A = \begin{bmatrix} \frac{1}{2}&\frac{1}{2} \\ \frac{1}{2}&\frac{1}{2} \end{bmatrix} \quad B = \begin{bmatrix} 1&0 \\ 0&-1 \end{bmatrix} \quad C = AB = \begin{bmatrix} \frac{1}{2}&-\frac{1}{2} \\ \frac{1}{2}&-\frac{1}{2} \end{bmatrix}

Answer: For the matrix A we have

A^2 = \begin{bmatrix} \frac{1}{2}&\frac{1}{2} \\ \frac{1}{2}&\frac{1}{2} \end{bmatrix} \begin{bmatrix} \frac{1}{2}&\frac{1}{2} \\ \frac{1}{2}&\frac{1}{2} \end{bmatrix} = \begin{bmatrix} \frac{1}{2}&\frac{1}{2} \\ \frac{1}{2}&\frac{1}{2} \end{bmatrix} = A

A^3 = A^2A = AA = A^2 = A

By induction we have A^n = A for all n.

For the matrix B we have

B^2 = \begin{bmatrix} 1&0 \\ 0&-1 \end{bmatrix} \begin{bmatrix} 1&0 \\ 0&-1 \end{bmatrix} = \begin{bmatrix} 1&0 \\ 0&1 \end{bmatrix} = I

B^3 = B^2B = IB = B

By induction we have B^n = I if n is even and B^n = B if n is odd.

For the matrix C we have

C^2 = \begin{bmatrix} \frac{1}{2}&-\frac{1}{2} \\ \frac{1}{2}&-\frac{1}{2} \end{bmatrix} \begin{bmatrix} \frac{1}{2}&-\frac{1}{2} \\ \frac{1}{2}&-\frac{1}{2} \end{bmatrix} = \begin{bmatrix} 0&0 \\ 0&0 \end{bmatrix} = 0

C^3 = C^2C = 0 \cdot C = 0

By induction C^n = 0, n \ge 2.

NOTE: This continues a series of posts containing worked out exercises from the (out of print) book Linear Algebra and Its Applications, Third Edition by Gilbert Strang.

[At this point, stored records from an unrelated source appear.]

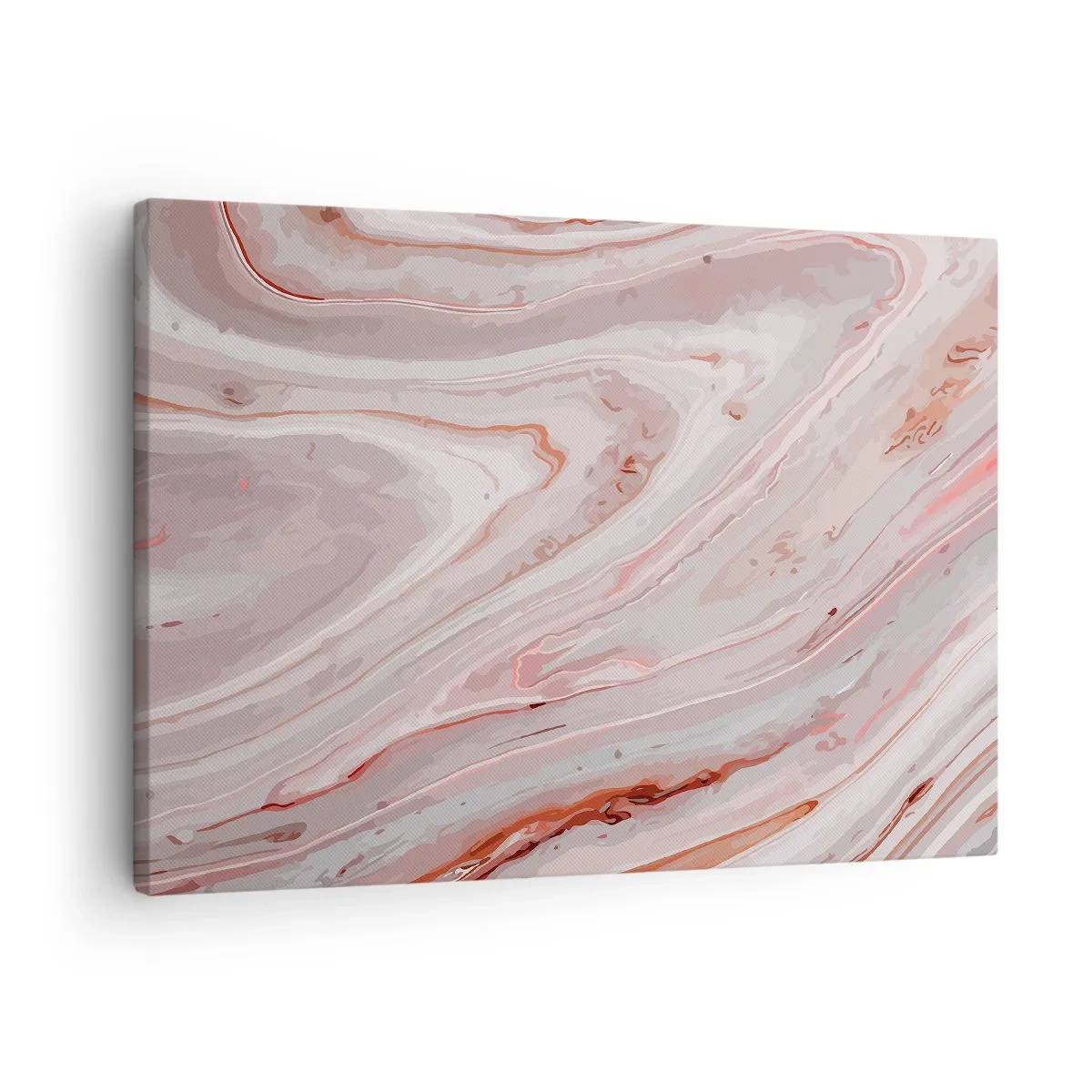 Quadro em tela - Ondas abstratas em delicados tons de rosa e bege - 70x50cm - Rosa líquido - Decoração de parede moderna para a sala de estar e quarto ARTTOR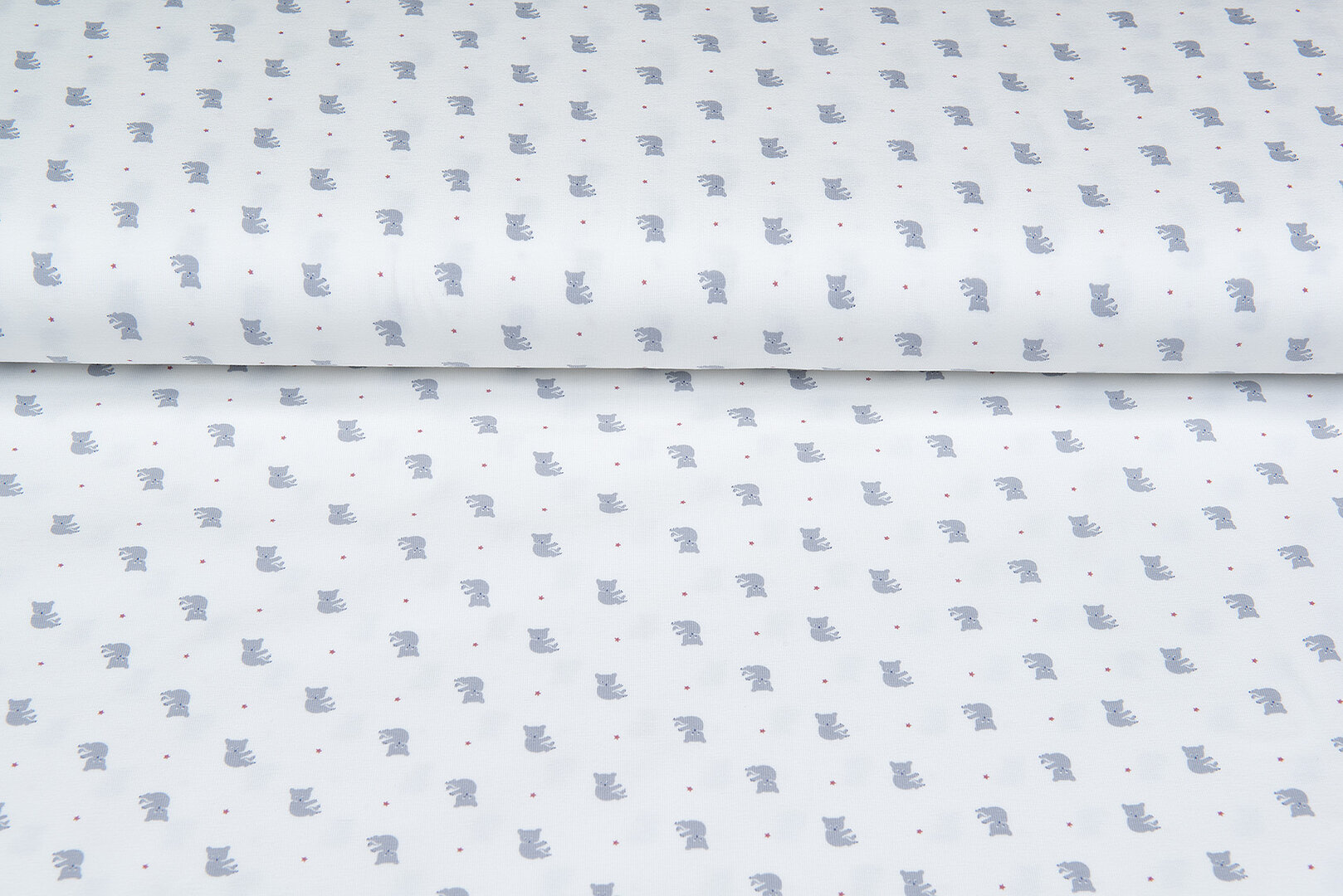 Katoenen Tricot bedrukt mini koala ecru - oudroze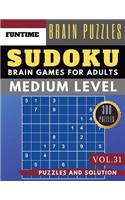 Medium Sudoku: 300 Medium sudoku books for adults with answers brain games for adults Activities Book also sudoku for seniors (sudoku medium puzzle books Vol.31)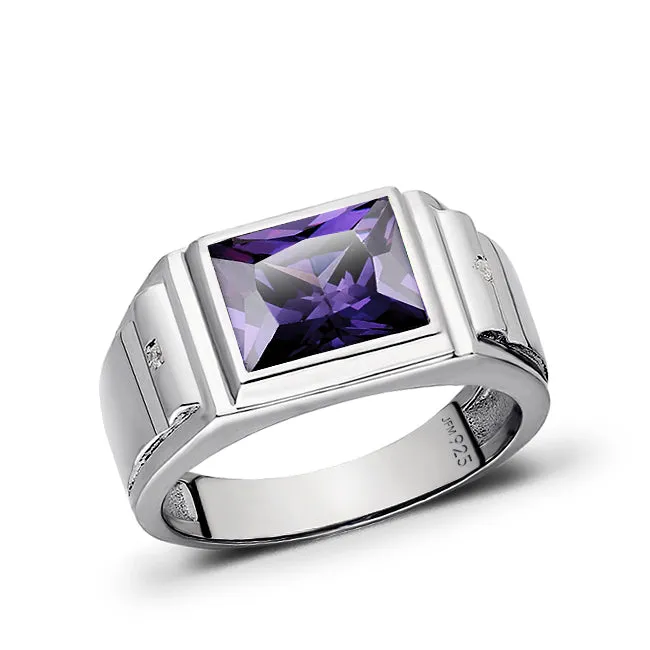 Gemstone 2 Diamonds Modern Men's Band Ring 925 Solid Silver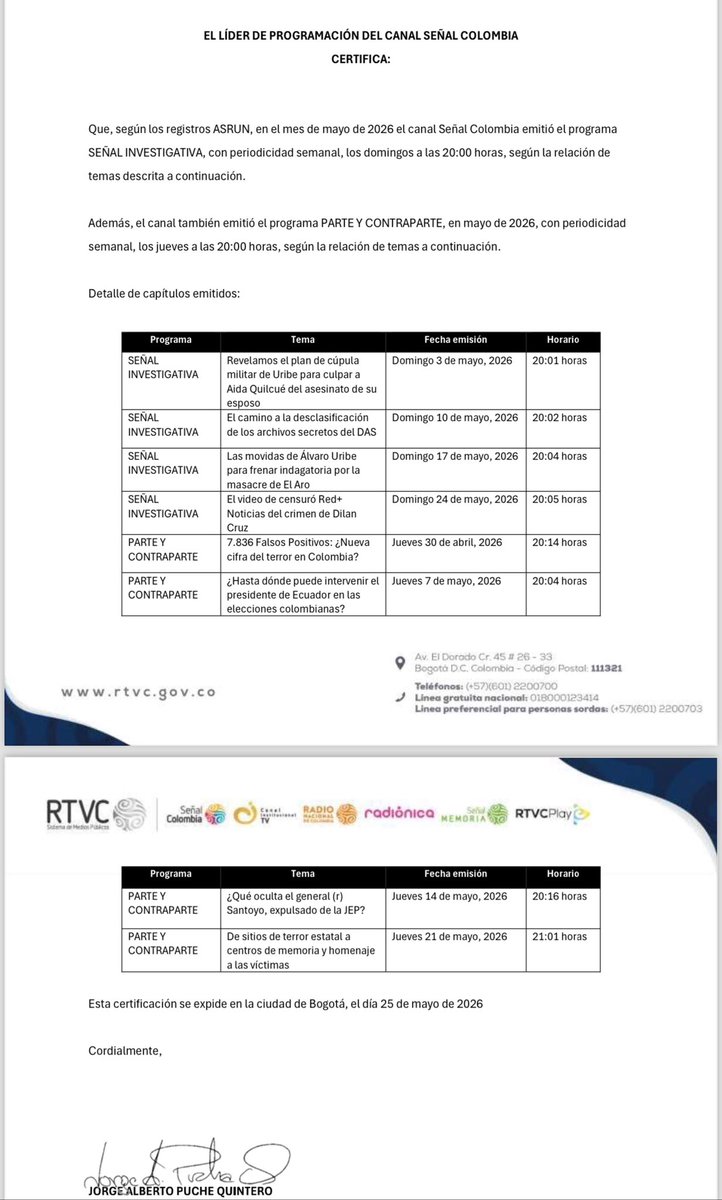 Danielbricen's tweet photo. La Revista RAYA recibió de Hollman Morris más de 2.600 millones de pesos para hacer “investigaciones”.

Aquí les dejo el listado de “investigaciones” que durante año y medio soltaron en RTVC. 

Nada contra el gobierno Petro

Acabar con la máquina de propaganda es una gran noticia https://t.co/sxyCFKTW4K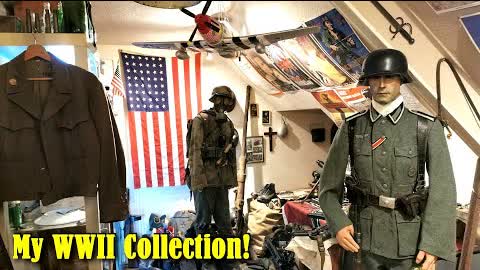 WW2 Private Collection Tour [2021] My WWII History Room - Machine Guns, Helmets, Uniforms and more!!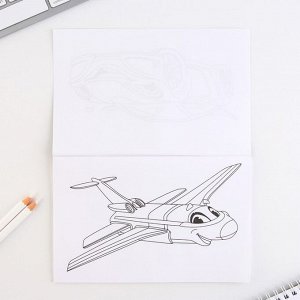 Блокнот-раскраска, трафарет, цветные мелки, линейка «23 февраля: Для будущего защитника»
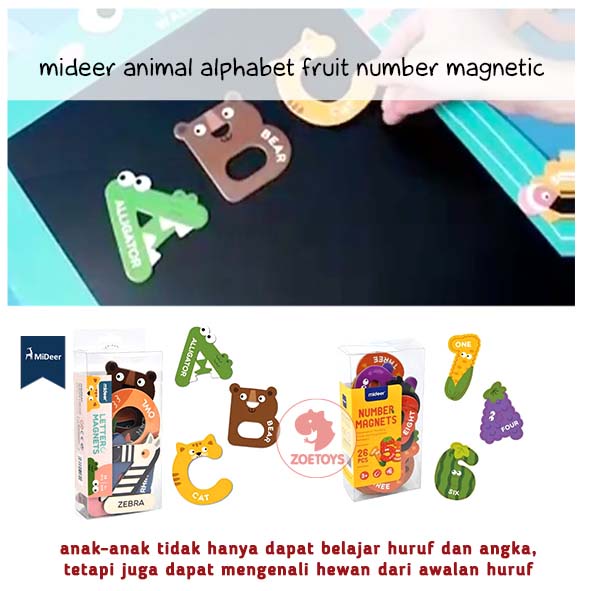 Zoetoys Mideer Animal Alphabet Fruit Number Magnetic | Tempelan Kulkas | Mainan Edukasi Anak | Cari Kado | Cari Kado Natal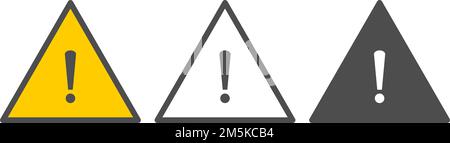Icona del punto esclamativo. Set di icone esclamazioni. Icona attenzione. Illustrazione Vettoriale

If you find these posts useful I encourage you to also check out the more current Linear Algebra and Its Applications, Fourth Edition, Dr Strang’s introductory textbook Introduction to Linear Algebra, Fourth Edition and the accompanying free online course, and Dr Strang’s other books.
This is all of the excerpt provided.